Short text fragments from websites
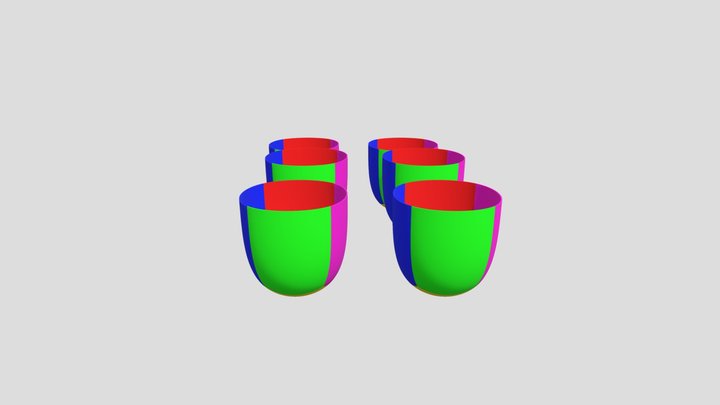 Colourful Bucket object 3D Model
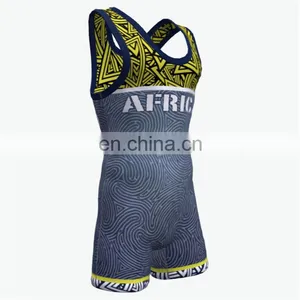 Custom Brand Sublimation Printing Design Wrestling Jersey Singlet thumbnail-2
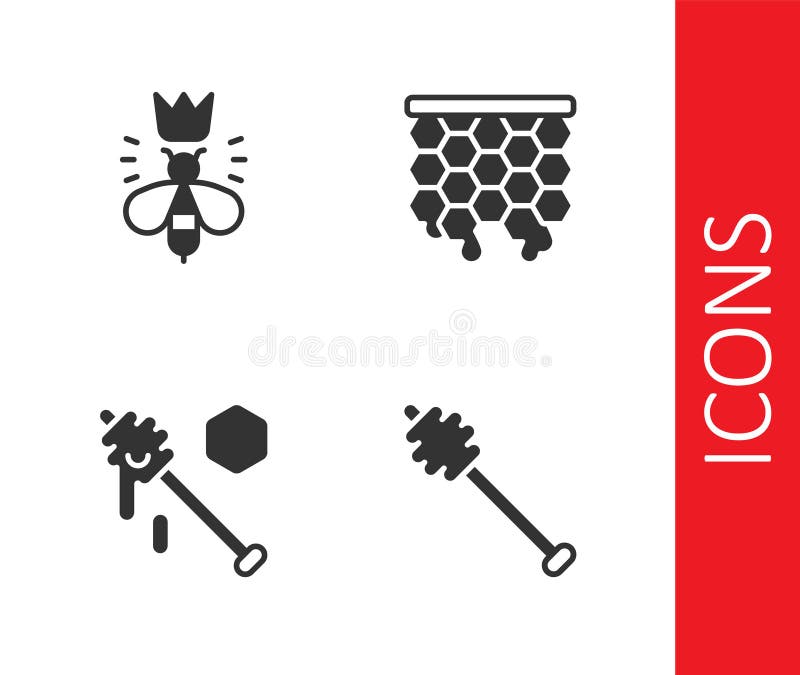 Set Honey Dipper Stick, Queen Bee, and Icon. Vector Stock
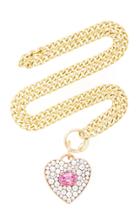 Jemma Wynne 18k Yellow Tourjours Pink Sapphire Heart Necklace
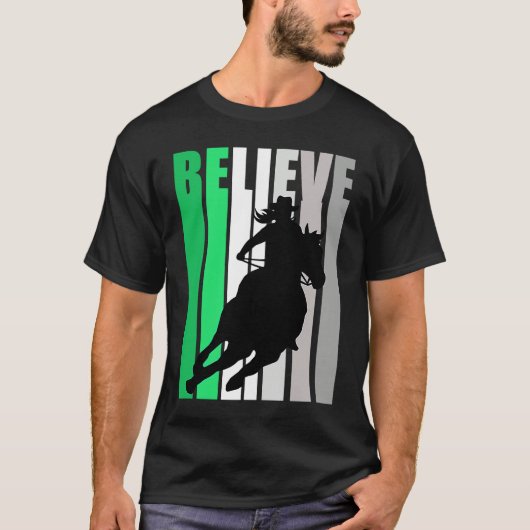Green Believe Cowgirl Motivational Inspiring Farm  T-shirt (Voorkant)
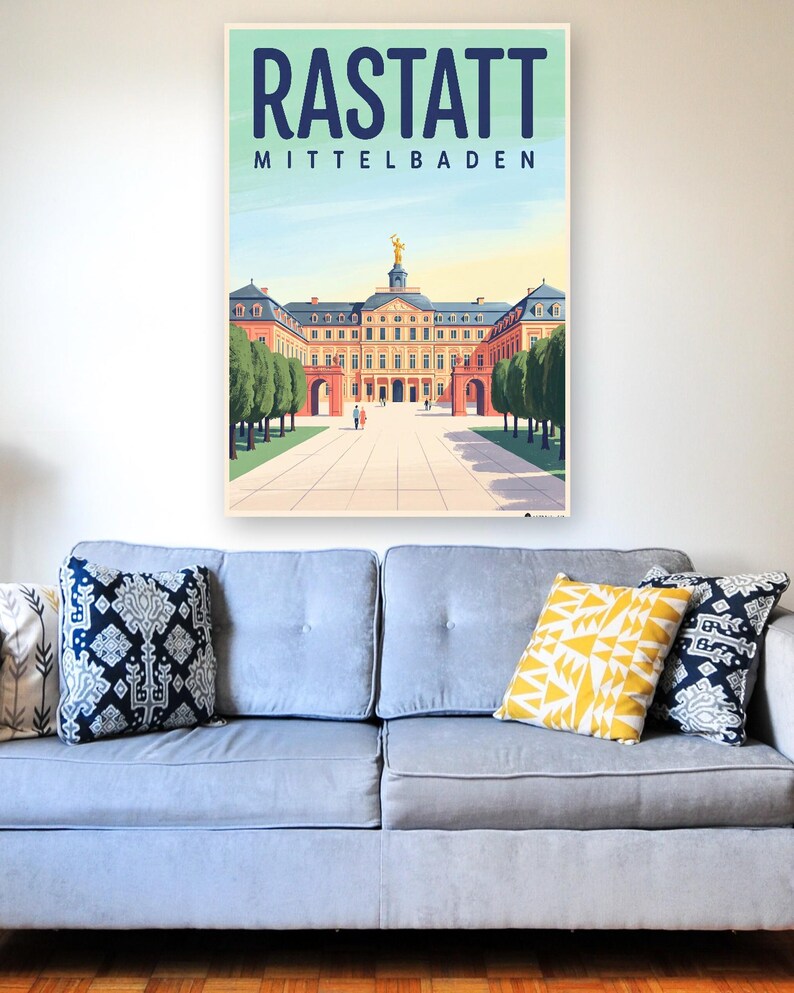 Rastatt Poster · Mid-Century · Mittelbaden · Retro Reiseplakat Schloss & Murg afbeelding 4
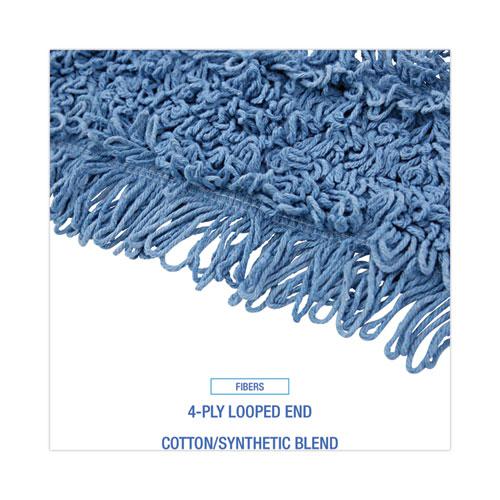 Dust Mop Head, Cotton/Synthetic Blend, 48" x 5", Blue. Picture 4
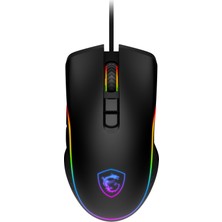 Msı Forge GM300 Hafif Oyun USB Rgb Ayarlanabilir 7200 Dpı Masaüstü Dizüstü Oyun Faresi, Siyah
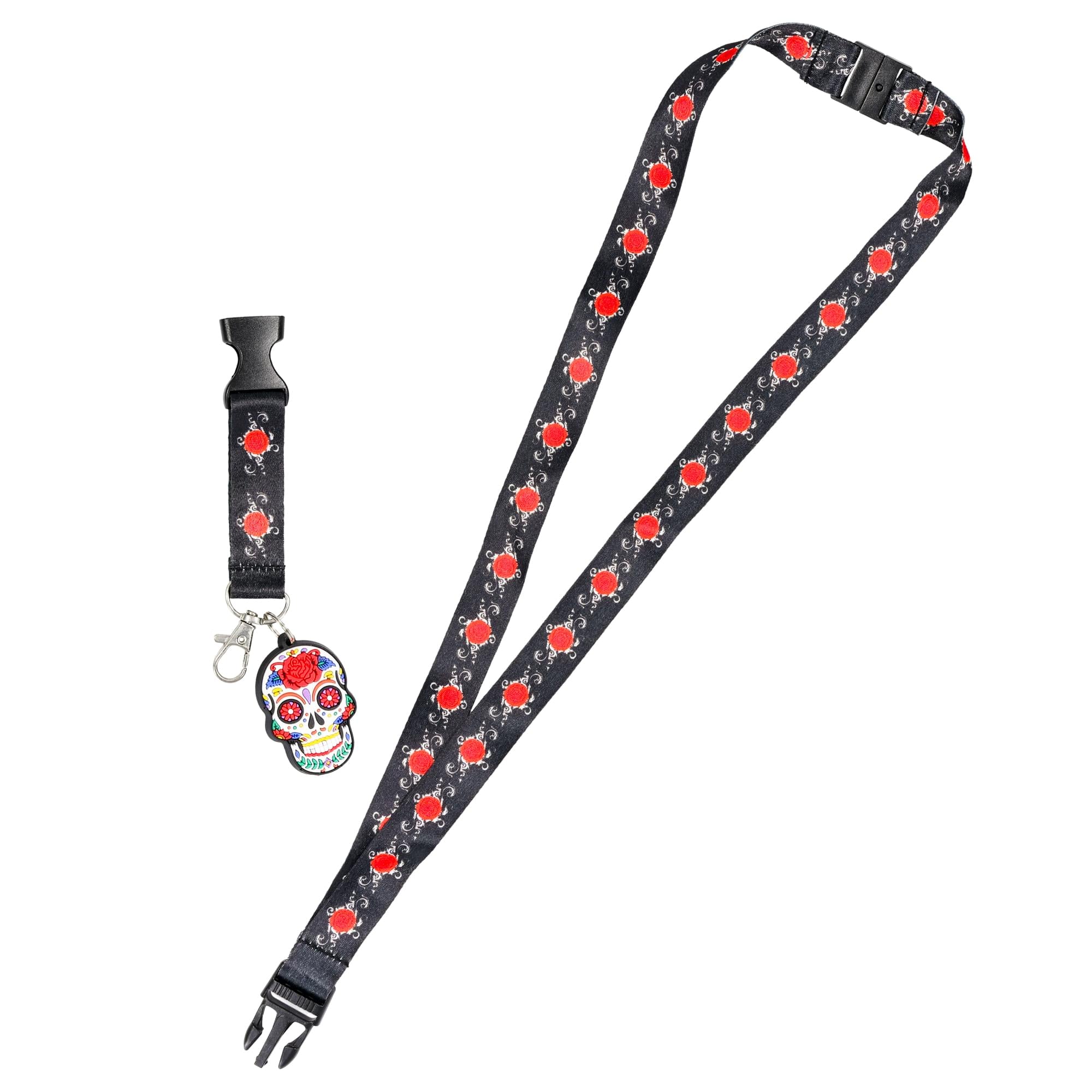 Day of the Dead Sugar Skull Charm Lanyard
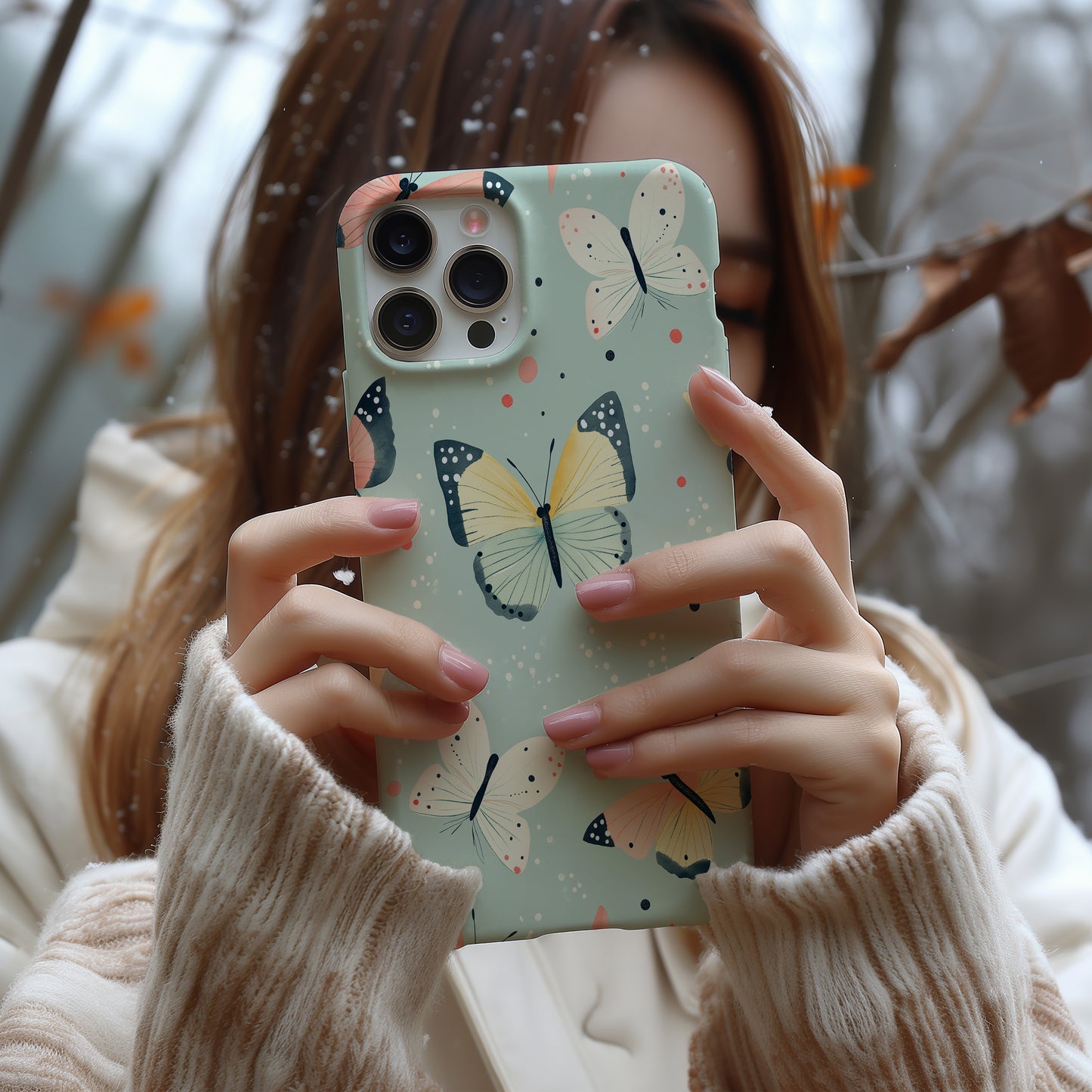 Mint Whimsy – Pastel Butterfly Phone Case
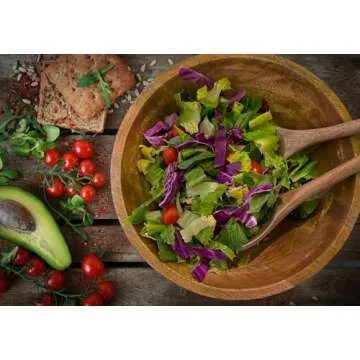 Fairwood Way Wood Salad Bowl Set - 15 Inch Extra Large Wooden Salad Bowl with Serving Utensils - Mango Wood Serving Bowl and Servers Holds 9 Side Salads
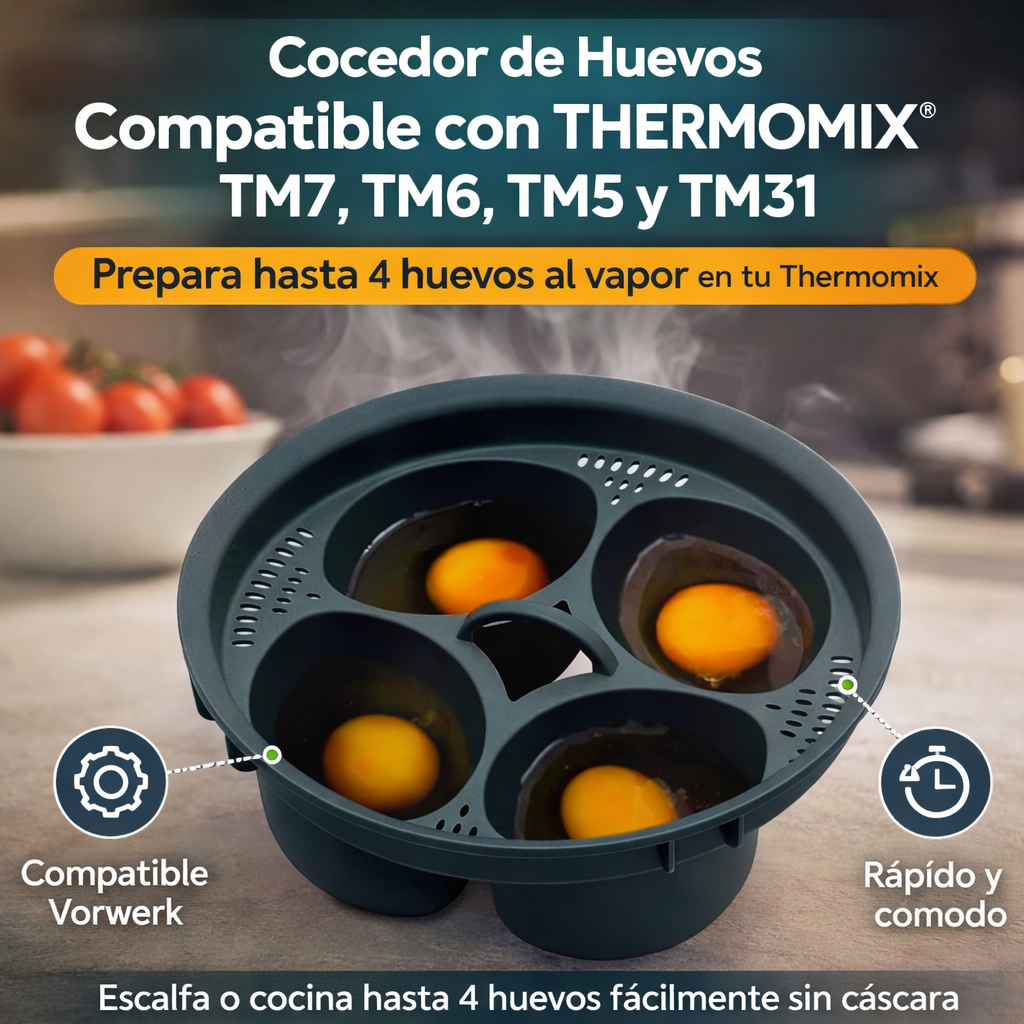 Cocedor de Huevos Compatible Thermomix TM7 TM6 TM5 TM31 – Accesorio para Cocinar hasta 4 Huevos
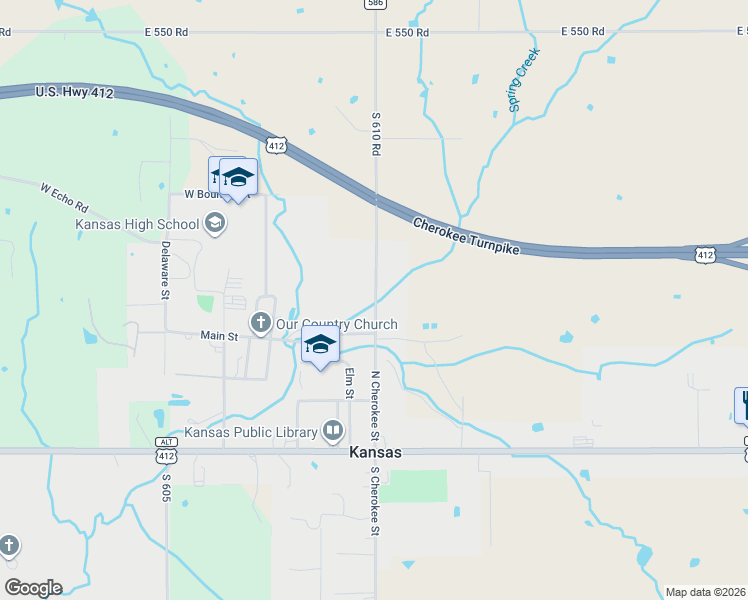 map of restaurants, bars, coffee shops, grocery stores, and more near 369 South Cherokee Street in Kansas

[WORK TO COMPLETE]:
Although the records include pictures, the copy should reproduce every line exactly and none of the pictures.

[EXERCISE OUTPUT]:
 Colourful Bucket object 3D Model
 Custom Brand Sublimation Printing Design Wrestling Jersey Singlet thumbnail-2
 Set Honey Dipper Stick, Queen Bee, and Icon. Vector Stock
 Jemma Wynne 18k Yellow Tourjours Pink Sapphire Heart Necklace
Green Believe Cowgirl Motivational Inspiring Farm  T-shirt (Voorkant)
 Rastatt Poster · Mid-Century · Mittelbaden · Retro Reiseplakat Schloss & Murg afbeelding 4
 Dust Mop Head, Cotton/Synthetic Blend, 48" x 5", Blue. Picture 4
 Msı Forge GM300 Hafif Oyun USB Rgb Ayarlanabilir 7200 Dpı Masaüstü Dizüstü Oyun Faresi, Siyah
 Day of the Dead Sugar Skull Charm Lanyard
 Mint Whimsy – Pastel Butterfly Phone Case
 Fairwood Way Wood Salad Bowl Set - 15 Inch Extra Large Wooden Salad Bowl with Serving Utensils - Mango Wood Serving Bowl and Servers Holds 9 Side Salads
 Cocedor de Huevos Compatible Thermomix TM7 TM6 TM5 TM31 – Accesorio para Cocinar hasta 4 Huevos
 map of restaurants, bars, coffee shops, grocery stores, and more near 369 South Cherokee Street in Kansas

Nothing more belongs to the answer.